What the task requires:
Set down every line from the one containing "A colorful pretend" through the last line of the records below, exactly as written, and leave out the pictures.

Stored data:
<<<<
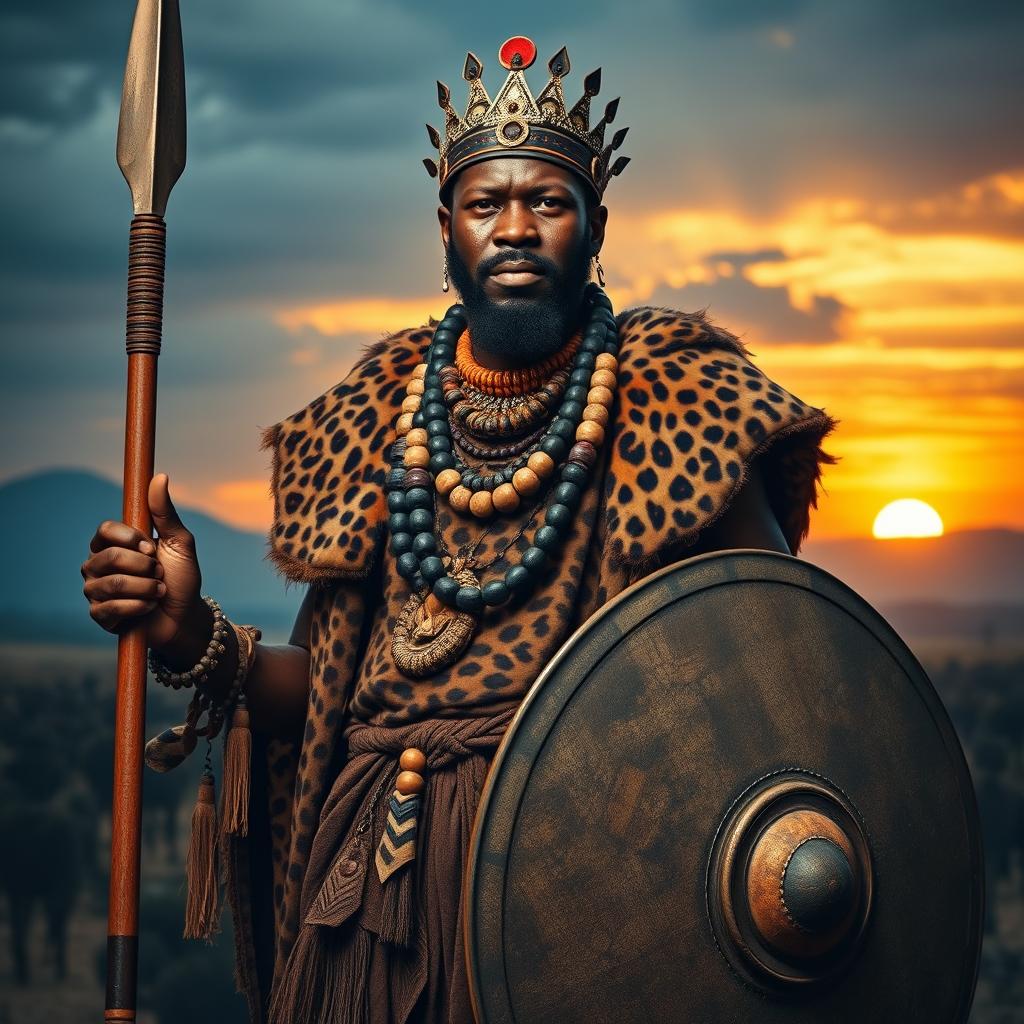 a powerful portrait of King Shaka, the famous Zulu leader, depicted in traditional warrior attire complete with a leopard skin cloak and ornate beadwork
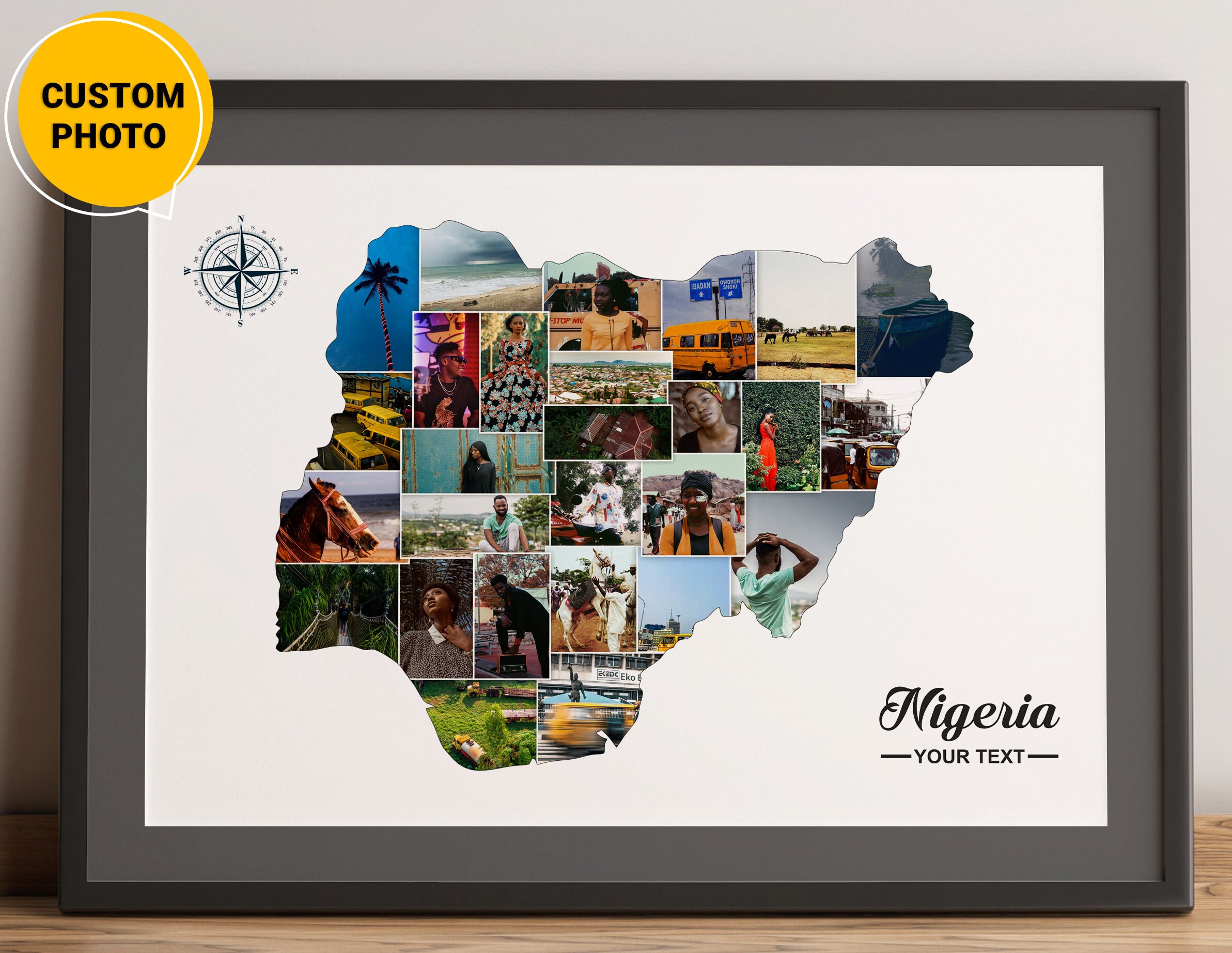 Nigerian Art Nigerian Photo Collage Nigeria Map Wall Art Etsy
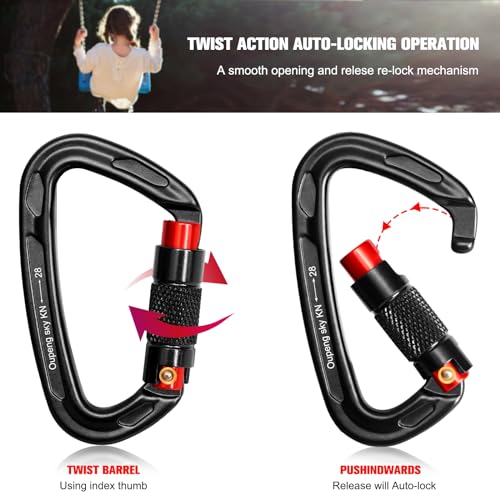 Image of Oupeng sky Auto Locking Carabiner Clips - 28KN (6172lbs) Heavy Duty Caribeaners, Large Carabiner Clip for Keychains,Hammock,Camping, Gym, Hiking, Outdoor ,Dog Leash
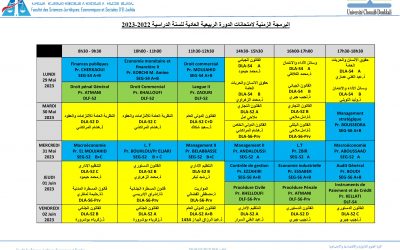 Planning des Examens 2022/2023 Session Normale SEG , DLF & DLA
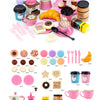 A colorful pretend play tea party set featuring various cups, cakes, and accessories for children.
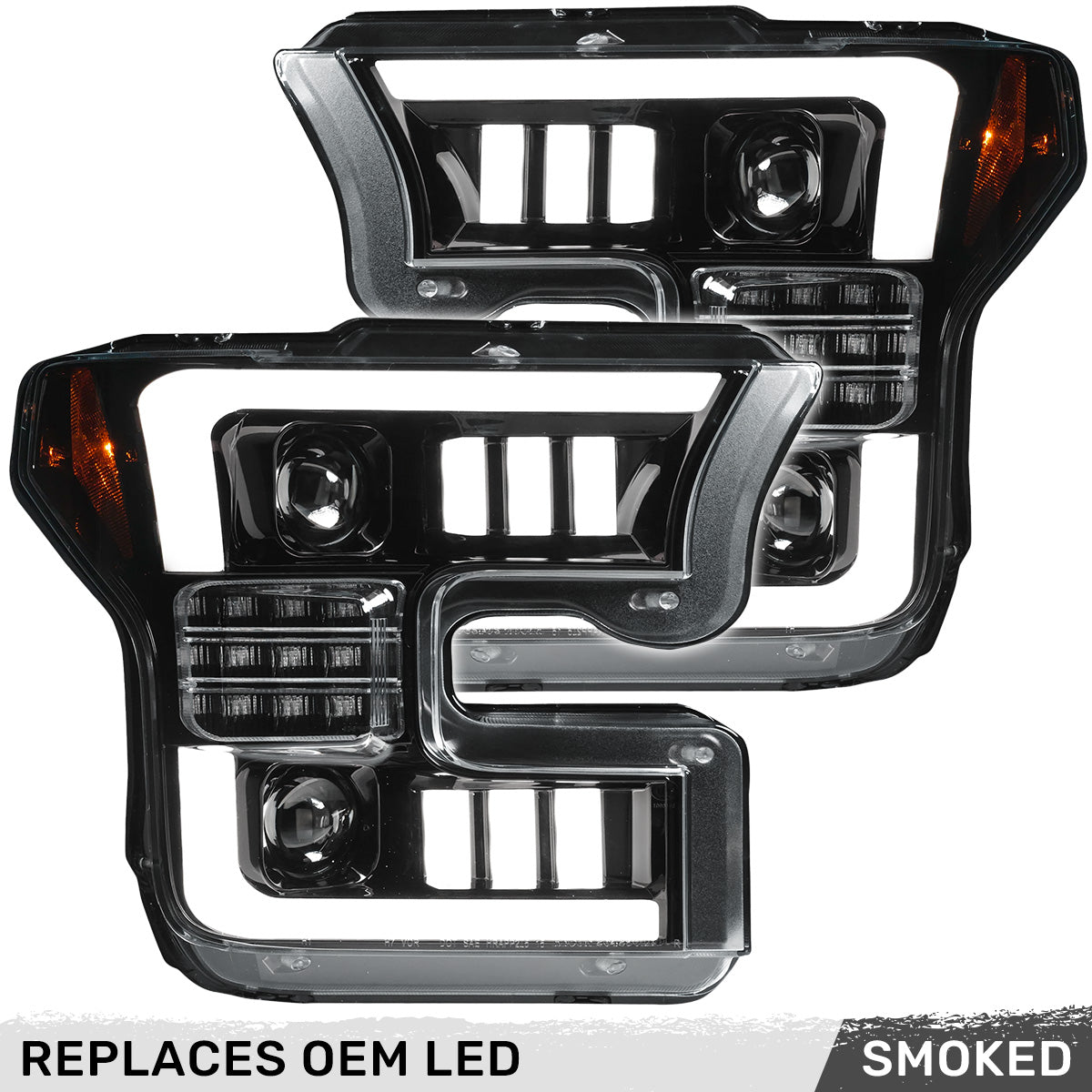 Ford F150 15-17 (Replaces OEM LED Style Head Lights Only) 6K LED PROJECTOR HEADLIGHTS w/ Ultra High Power Smooth OLED DRL & SCANNING SWITCHBACK High Power Amber LED Turn Signals - Smoked / Black - Image 3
>>>>
Exercise result:
 A colorful pretend play tea party set featuring various cups, cakes, and accessories for children.
 Ford F150 15-17 (Replaces OEM LED Style Head Lights Only) 6K LED PROJECTOR HEADLIGHTS w/ Ultra High Power Smooth OLED DRL & SCANNING SWITCHBACK High Power Amber LED Turn Signals - Smoked / Black - Image 3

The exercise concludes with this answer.